Fair-Weather-Fest Bandvorstellung: Jule
An dieser Stelle stellen wir einige Bands aus dem Line-Up des Fair-Weather-Fests vor.

Nach dem großen Erfolg der Premiere im Sommer 2025, kehrt das Fair-Weather-Fest in diesem Jahr zurück ins Bremer Steintorviertel. Das bewährte Konzept bleibt bestehen: Mehrere Indoor-Spielstätten – darunter das Kulturzentrum Lagerhaus, die Lila Eule, das Eisen und das Calavera – werden abwechselnd von nationalen und internationalen Acts bespielt. Ergänzt wird das Programm durch Überraschungsauftritte in Plattenläden, Tattoo-Specials und weitere besondere Aktionen.
Heute stellen wir die Künstlerin Jule vor, die eigentlich in Bremen keiner Vorstellung mehr bedarf. Aber es ist immer schön mit Jule zu sprechen, also machen wir es doch.
Dein Album ist jetzt drei Monate draußen, eine Tour gespielt. Wie fühlt es sich für dich an?
Es fühlt sich ehrlich gesagt immer noch ein bisschen surreal an. Drei Monate klingen kurz, aber es ist so viel passiert. Die Songs waren vorher nur in meinem Kopf und im Studio und plötzlich stehen da Menschen und singen sie mit. Das ist jedes Mal überwältigend. Die Tour hat mir gezeigt, dass die Lieder jetzt ihr eigenes Leben haben. Das loszulassen und gleichzeitig zu sehen, was sie anderen bedeuten, ist ein sehr besonderes Gefühl.
Du bist praktisch mindestens Halb-Bremerin, hast bisher aber immer im Eisen gespielt. Beim Fair-Weather-Fest wirst du auf einer anderen Bühne stehen. Cool?
Sehr cool. Das Eisen ist für mich ein kleiner Heimathafen in Bremen, da hängen viele Erinnerungen dran. Aber genau deshalb freue ich mich total, die Stadt mal aus einer anderen Perspektive zu erleben. Bremen fühlt sich für mich immer ein bisschen nach Zuhause an. Auf einer neuen Bühne zu stehen, macht das Ganze auf eine andere Art spannend und ich freue mich sehr.
Standard-Frage: Clubshow oder Festival? Wobei der Charme des Fair-Weather-Fests ja die Kombination aus Club und Festival ausmacht.
Ich muss ehrlich sagen, ich habe noch gar nicht so viel Festivalerfahrung. Clubshows kenne ich besser und liebe ich sehr, weil sie so nah sind. Man sieht jede Reaktion und spürt direkt, was im Raum passiert. Gerade deshalb freue ich mich auf Festivals, weil es für mich noch etwas Neues ist. Ich mag die Vorstellung, vor Menschen zu spielen, die mich vielleicht noch nicht kennen, und sie für einen Moment mitzunehmen. Diese Mischung aus Nähe und Offenheit finde ich irgendwie toll.

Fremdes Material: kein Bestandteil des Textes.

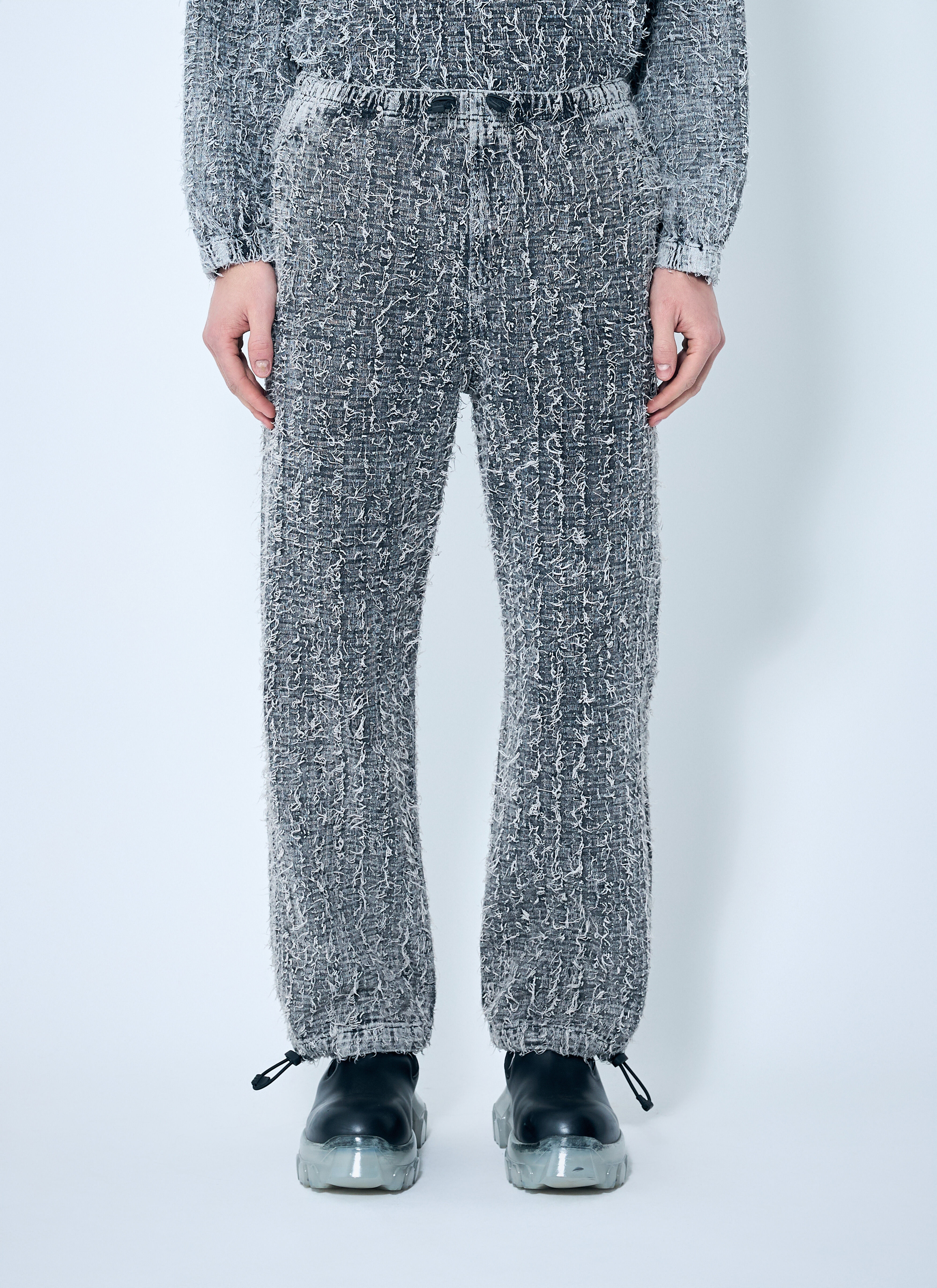 D-Martial Jeans - 1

Kannst du dir vor und oder nach einem Auftritt andere Bands ansehen oder brauchst du dann Ruhe?
Vor einem Auftritt brauche ich meistens ein bisschen Rückzug. Ich bin dann sehr bei mir und versuche, die Nervosität zu sortieren. Nach der Show ist es anders. Dann fällt viel ab und meistens bin ich dann ziemlich kaputt. Aber langsam gibt es Momente, wo ich danach noch Energie habe und hoffe, dass es dieses Mal genau so sein wird, damit ich mir andere Bands anschauen kann!
Gibt es etwas, worauf du dich beim Fair-Weather-Fest besonders freust?
Auf die Atmosphäre. Viele Bands, viele Begegnungen, kurze Wege und lange Gespräche. Und ganz konkret freue ich mich einfach darauf, wieder in Bremen zu spielen und bekannte Gesichter zu sehen. Das fühlt sich immer ein bisschen nach Heimspiel an.
Das Fair-Weather-Fest findet am 5. und 6. Juni 2026 de-zentral im Bremer Viertel statt. Hardtickets gibt es im Titus Skateshop an der Sielwall-Kreuzung oder online bei Tix For Gigs.